STEVEN ROBERTS: Are Democrats blowing it?
Published 10:15 am Thursday, January 30, 2020
Are the Democrats in danger of blowing their chance to deny Donald Trump a second term? The answer is yes.
It’s still early, of course; no primary votes have been cast. A lot can happen between now and November to weaken Trump’s case. He has the lowest average approval rating of any president since modern polling started 75 years ago. A recent Monmouth University survey found that 57% of voters don’t want Trump reelected. And he is particularly unpopular with women, attracting only 32% in a contest with Joe Biden, according to the new ABC/Washington Post poll.
But as the Iowa caucuses approach, here is the blunt truth: Despite a huge field of aspirants, the Democrats have failed to produce a consensus candidate with a compelling message and inspiring personal narrative. In fact, the split between the party’s leftist and moderate wings is getting worse, with both sides sharpening their attacks, making unity around the eventual nominee more difficult and handing Trump a boatload of ammunition to use in the fall campaign.
Moreover, impeachment has clearly fizzled for the Democrats – at least for now. More witnesses with damaging testimony could alter the impact. But last spring, Speaker Nancy Pelosi said impeachment could only succeed if it was a bipartisan effort. Then, after the Ukranian whistleblower surfaced, she abandoned her own political instincts and plunged ahead anyway.
The result is exactly what she warned against: a country deeply divided along partisan lines. In the ABC/Post survey 47% favor removing Trump from office, while 49% are opposed. More than 8 in 10 Democrats line up against the president, with a similar ratio of Republicans supporting him. Trump’s favorable rating stands at an anemic 44%, but that’s up 6 points since October, after the House announced impeachment proceedings.
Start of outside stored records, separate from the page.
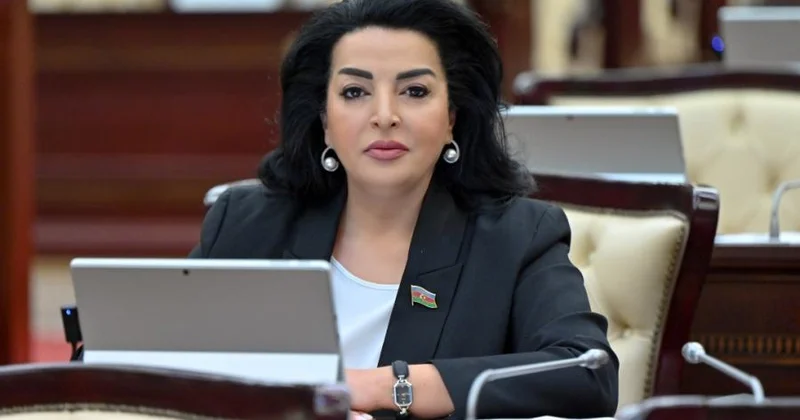 Ölkəmiz yeni beynəlxalq reallıqlarda öz yolunu müəyyənləşdirib Millət vəkili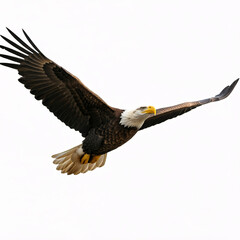 Obraz premium american bald eagle in flight against white sky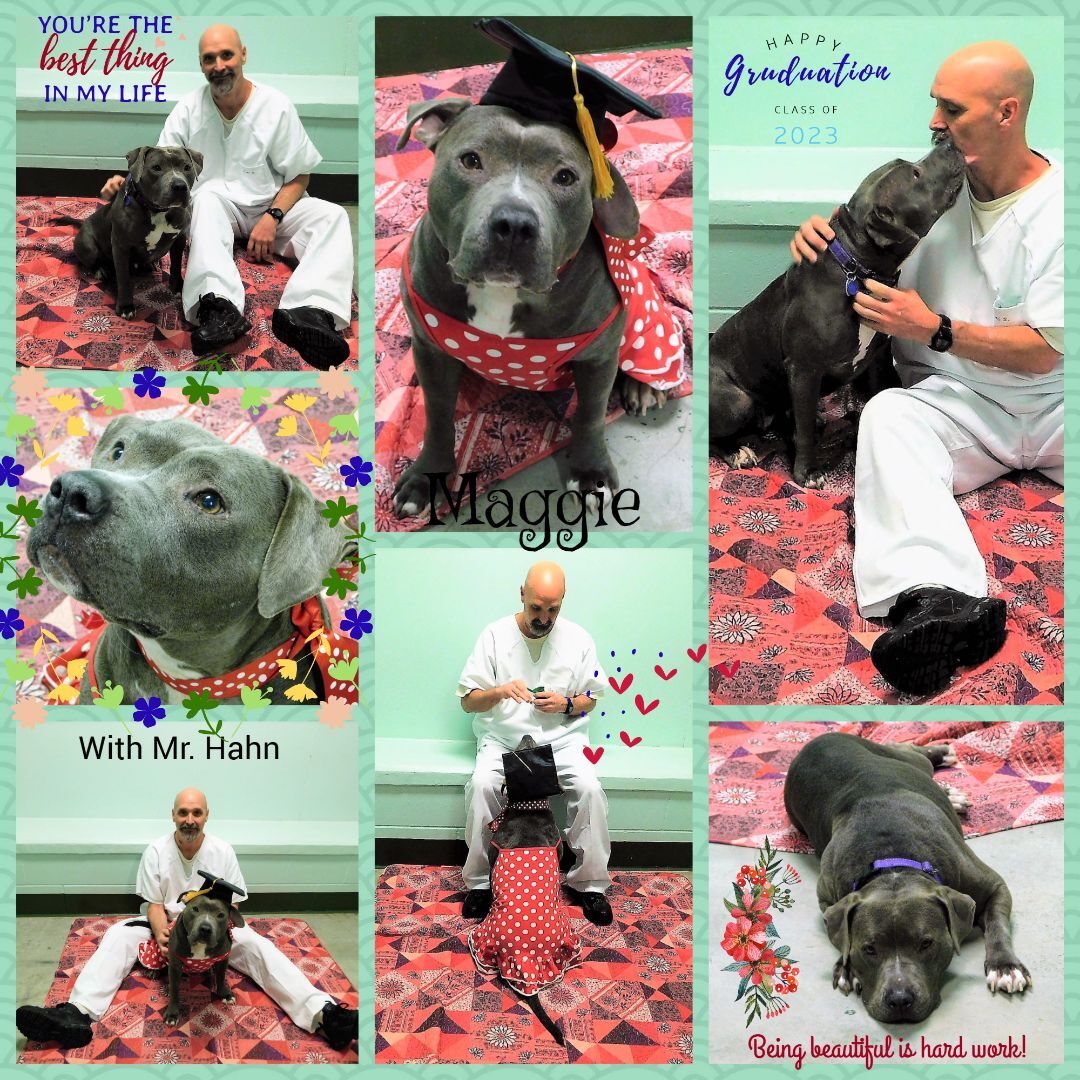 Maggie, a Adopted Pit Bull Terrier in Milledgeville, GA image 4/12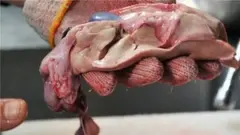 Mpishi wa samaki huyo anapata kupata mafunzo ya muda mrefu ili kuwa na utaalamu wa kuondoa viungo vyenye sumu kwenye samaki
The president and his campaign team have used those proceedings to hammer Democrats as unfair and unpatriotic and raise tons of campaign cash. Once the Senate votes to clear Trump of charges, that verdict will become another heat-seeking missile in the president’s campaign arsenal.
Perhaps the Democrats’ biggest problem is one they cannot control: the economy. The ABC/Post survey reports that 56% approve of Trump’s handling of fiscal affairs. More significantly, only 43% now say they’re worried about being able to maintain their standard of living, a drop of 20 points in pessimism since Trump took office.
As a result, Trump has closed the gap with leading Democrats, trailing Biden by only 4 points after losing by 17 three months ago, and running about even with the other top-tier contenders.
But many of the Democrats’ deficiencies are self-inflicted. Michael Bloomberg, who declined to announce a run last spring, plunged into the race only after seeing data that showed how beatable frontrunner Biden really is. And The New York Times failed to endorse a single candidate, choosing both Elizabeth Warren and Amy Klobuchar in a curiously confusing editorial that dismissed Biden as too old and too cautious.
History shows that only a pragmatic Democrat in the Obama-Clinton-Carter-Kennedy mold can win a general election. Political analyst Ezra Klein argues in a new book, “Why We’re Polarized,” that Republicans have a built-in advantage in presidential elections because the electoral college gives undue influence to smaller, more conservative states. “To win power, Democrats don’t just need to appeal to the voter in the middle. They need to appeal to voters to the right of the middle,” he warns.
But ideology is not everything. Pragmatism is not enough. A successful Democratic nominee has to combine pragmatism with magnetism, realistic policies with a dynamic personality, and no moderate in the field has done that effectively.
Nominating a purist liberal would be disastrous. A strategist for Bernie Sanders insisted to me recently that he would energize new voters and expand the electorate, but that analysis ignores the fact that a 79-year-old socialist would drive away many of the voters Klein identifies as critical to the Democrats’ chances.
A typical comment comes from Bonnie Campbell, a veteran party official in Iowa, who told the Times, “I think that Bernie is just a bridge too far for the country.” Then she added: “I can tell you, I hear from friends and colleagues who say, ‘Oh, my God, what are we going to do if Bernie wins?'”
The answer is that Democrats will almost certainly lose with Sanders topping the ticket. But none of the other possibilities are looking much stronger.